**Information given:**
*** Begin section ***
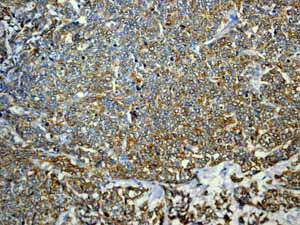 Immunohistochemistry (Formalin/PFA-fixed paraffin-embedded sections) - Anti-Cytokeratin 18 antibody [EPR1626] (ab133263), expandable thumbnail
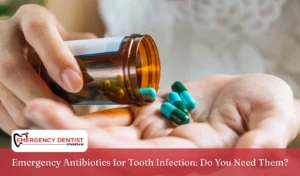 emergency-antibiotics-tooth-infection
*** End section ***
*** Begin section ***
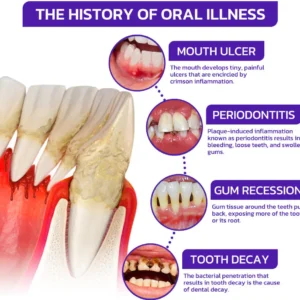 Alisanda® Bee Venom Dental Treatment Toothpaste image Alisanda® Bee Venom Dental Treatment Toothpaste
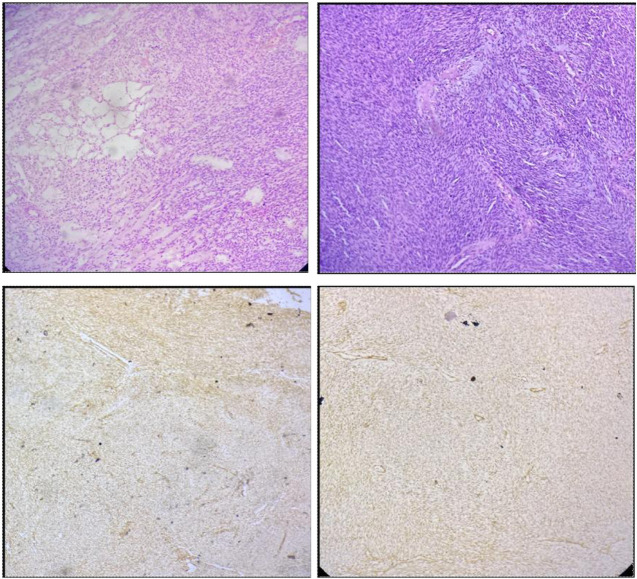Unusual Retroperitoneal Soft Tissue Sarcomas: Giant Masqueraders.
*** End section ***
**About this exercise:** Beginning at the line above that contains "Alisanda® Bee Venom Dental Treatment Toothpaste image", repeat each line exactly through the one that contains "Unusual Retroperitoneal Soft", and leave out the pictures.

**Written response:**
 Alisanda® Bee Venom Dental Treatment Toothpaste image Alisanda® Bee Venom Dental Treatment Toothpaste
Unusual Retroperitoneal Soft Tissue Sarcomas: Giant Masqueraders.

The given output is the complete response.